Intravenous ferric carboxymaltose in iron-deficient chronic heart failure patients with and without anaemia: a subanalysis of the FAIR-HF trial.

AIMS: Therapy with i.v. iron in patients with chronic heart failure (CHF) and iron deficiency (ID) improves symptoms, functional capacity, and quality of life. We sought to investigate whether these beneficial outcomes are independent of anaemia. METHODS AND RESULTS: FAIR-HF randomized 459 patients with CHF [NYHA class II or III, LVEF ≤40% (NYHA II) or ≤45% (NYHA III)] and ID to i.v. iron as ferric carboxymaltose (FCM) or placebo in a 2:1 ratio. We analysed the efficacy and safety according to the presence or absence of anaemia (haemoglobin ≤120 g/L) at baseline. Of 459 patients, 232 had anaemia at baseline (51%). The effect of FCM on the primary endpoints of self-reported Patient Global Assessment (PGA) and NYHA class at week 24 was similar in patients with and without anaemia [odds ratio (OR) for improvement, 2.48 vs. 2.60, P = 0.97 for PGA and 1.90 vs. 3.39, P = 0.51 for NYHA). Results were also similar for the secondary endpoints, including PGA and NYHA at weeks 4 and 12, 6 min walk test distance, Kansas City Cardiomyopathy Questionnaire overall score, and European Quality of Life-5 Dimensions Visual Analogue Scale at most time points. Regarding safety, no differences were noticed in the rates of death or first hospitalization between FCM and placebo both in anaemic and in non-anaemic patients. CONCLUSIONS: Treatment of ID with FCM in patients with CHF is equally efficacious and shows a similar favourable safety profile irrespective of anaemia. Iron status should be assessed in symptomatic CHF patients both with and without anaemia and treatment of ID should be considered.

Rationale and design of Ferinject assessment in patients with IRon deficiency and chronic Heart Failure (FAIR-HF) study: a randomized, placebo-controlled study of intravenous iron supplementation in patients with and without anaemia.

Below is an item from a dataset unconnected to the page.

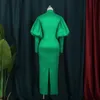 Günlük Elbiseler Artı Boyutu Parti Kadınlar Için 2021 Moda Puf Kollu Katı Abiye giyim Zarif Yeşil Kadın Elbise Afrika Giysileri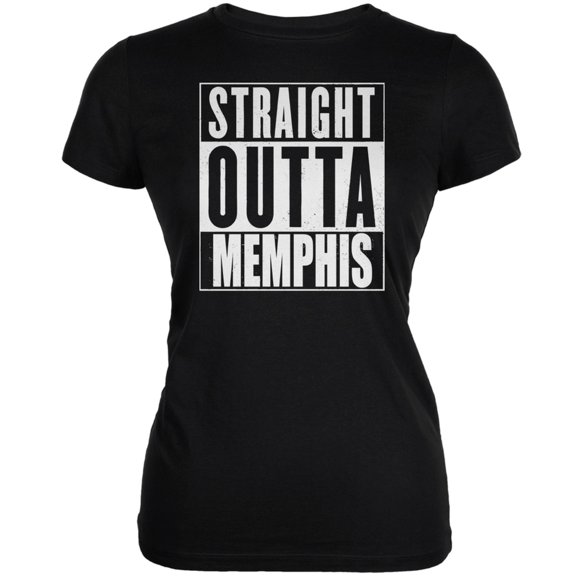 Straight Outta Memphis Black Juniors Soft T-Shirt - Medium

AIMS: Iron deficiency (ID) and anaemia are common in patients with chronic heart failure (CHF). The presence of anaemia is associated with increased morbidity and mortality in CHF, and ID is a major reason for the development of anaemia. Preliminary studies using intravenous (i.v.) iron supplementation alone in patients with CHF and ID have shown improvements in symptom status. FAIR-HF (Clinical Trials.gov NCT00520780) was designed to determine the effect of i.v. iron repletion therapy using ferric carboxymaltose on self-reported patient global assessment (PGA) and New York Heart Association (NYHA) in patients with CHF and ID. METHODS AND RESULTS: This is a multi-centre, randomized, double-blind, placebo-controlled study recruiting ambulatory patients with symptomatic CHF with LVEF < or = 40% (NYHA II) or < or =45% (NYHA III), ID [ferritin <100 ng/mL or ferritin 100-300 ng/mL when transferrin saturation (TSAT) < 20%], and haemoglobin 9.5-13.5 g/dL. Patients were randomized in a 2:1 ratio to receive ferric carboxymaltose (Ferinject((R))) 200 mg iron i.v. or saline i.v. weekly until iron repletion (correction phase), then monthly until Week 24 (maintenance phase). Primary endpoints are (i) self-reported PGA at Week 24 and (ii) NYHA class at Week 24, adjusted for baseline NYHA class. CONCLUSION: This study will provide evidence on the efficacy and safety of iron repletion with ferric carboxymaltose in CHF patients with ID with and without anaemia.